The Carlos Sainz Jr – Lando Norris rivalry episode is a real low point of season three and the whole series, and nowhere is that more evident than in one particular mid-episode sequence. A few minutes after Norris is hinted at being the team boss’s favoured driver, Sainz is shown to be aggrieved at an instance of team orders in the Styrian GP and confirms in a later interview these had made him “angry”. And when he’s angry, Sainz adds, he occasionally acts out through “a small gesture”.
We then cut to preparation for a joint interview with the two McLaren drivers, during which Sainz yanks a chair from under Norris. In the episode’s context, there is no way to interpret this as anything other than this being Sainz’s “small gesture” from the narrative. But the problem – beyond taking a light-hearted friendly prank and giving it some deeper meaning it in no way carried – is that the clip in question appears to belong to an F1 TV interview from a week before the team order situation in question.
Once you notice something like that, the series house of cards loses a foundation or maybe even topples completely. If the creators have manipulated this particular storyline, who’s to say they haven’t done it with every other one? Who’s to say there aren’t other cases of judicious editing that may have misled the viewer?
Suddenly, you begin to look for the trickery – and it doesn’t take long to find it. In another example, an episode earlier, as an Alfa mechanic appears to be berating questioning Antonio Giovinazzi’s performance, the words heard clearly do not match his lip movement.

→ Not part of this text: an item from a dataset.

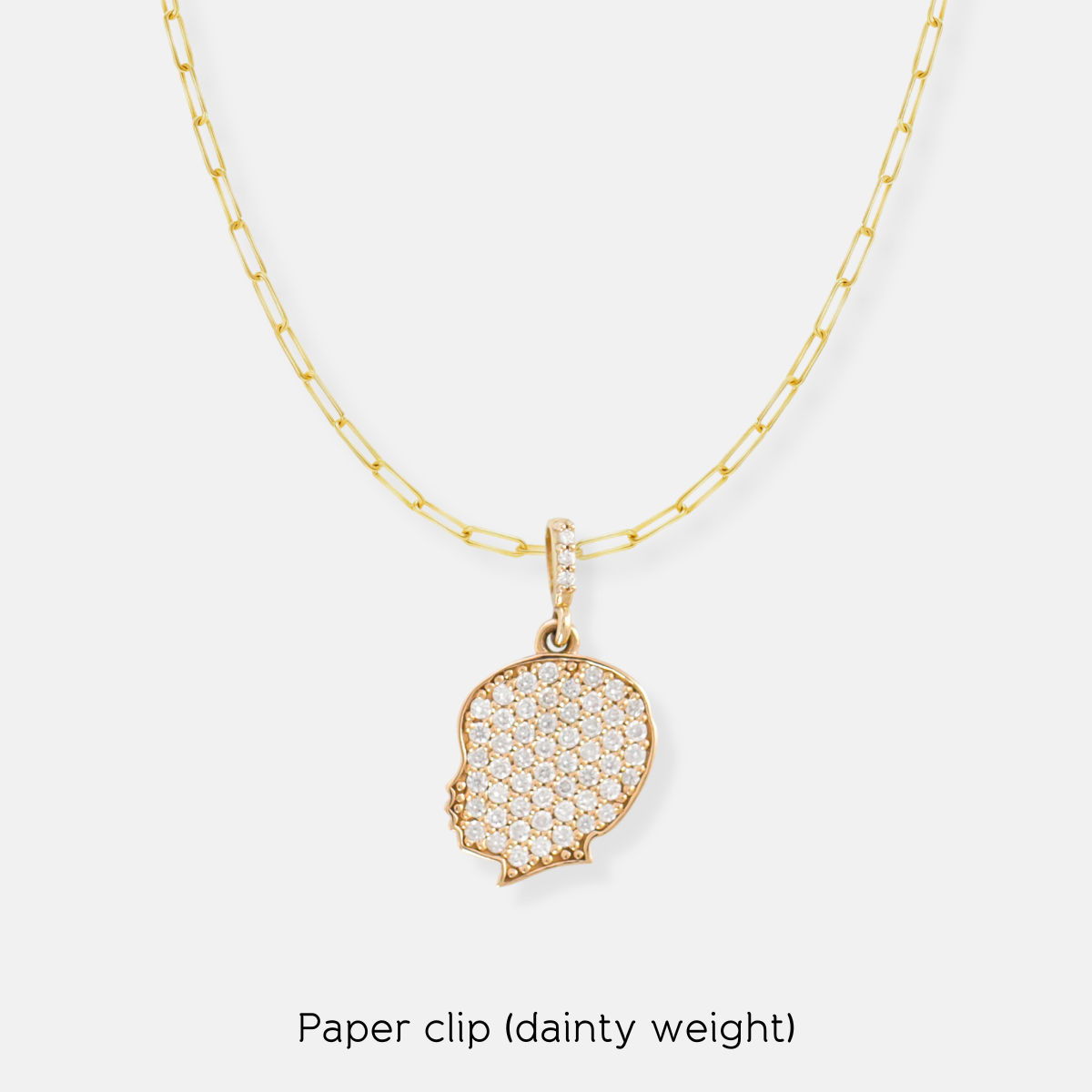 Build Your Own 14K Gold Pavé Diamond Silhouette Charm Necklace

Yes, the temptation to ramp up the drama to attract a new audience to F1 is understandable, but the viewers – whether it be existing F1 die-hards or people who have never ever seen an F1 race – must not be deceived about any aspect of the thing they’re watching the show about. Truthfulness should always be the overriding principle.
So let’s do away with all storyline-manufacturing entirely, and show F1’s conflicts and dramas as they are. There are plenty of both, and enough intensity within them to make them worth covering.

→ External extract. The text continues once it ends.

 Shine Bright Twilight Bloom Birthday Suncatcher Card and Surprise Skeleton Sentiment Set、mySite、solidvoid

MORE CAPTIONS OR NARRATION
Matt Beer
There are times when I find it hard to imagine if I’d be able to join all the dots of events together just from the interview clips and snippets of commentary if I hadn’t followed the full season already. Rather like watching a film adaptation where you’re glad you’ve read the book.
There are also moments where some of F1’s technicalities or rules specifics, or even the actual finishing positions from races could help illuminate the significance of particular developments.
The lack of narration is a deliberate choice and quite striking in how it makes the rest of the content do the talking, so I’m not sure I’d advocate a full switch to a traditional narrator. But a few captions specifying some results, or dates when things occurred, could help stop important narrative information falling through cracks that currently rely on viewers’ interpreting snippets properly or remembering it from their bank of fan knowledge.
Caption use could also bridge some of the gaps between ‘edited reality’ and actual reality. It’s striking that it’s four minutes from Romain Grosjean’s Bahrain barrier impact to him exiting the flames in the show.
We know in reality that was 28 seconds. It’s cited in the Drive to Survive episode that it was 2m43s before it was clear to live TV viewers that he was safe.
For Grosjean’s family and colleagues it would’ve felt like hours regardless, so the actual minutes and seconds really make little difference and Netflix’s treatment of the crash and escape are appropriately affecting.
But I felt a little uncomfortable for the heroes involved in his rescue that the swiftness wasn’t clear, and perhaps that’s a case where an on-screen caption specifying the details could’ve filled that gap without sacrificing the visceral emotional impact that the footage of the fire and pitlane reactions creates.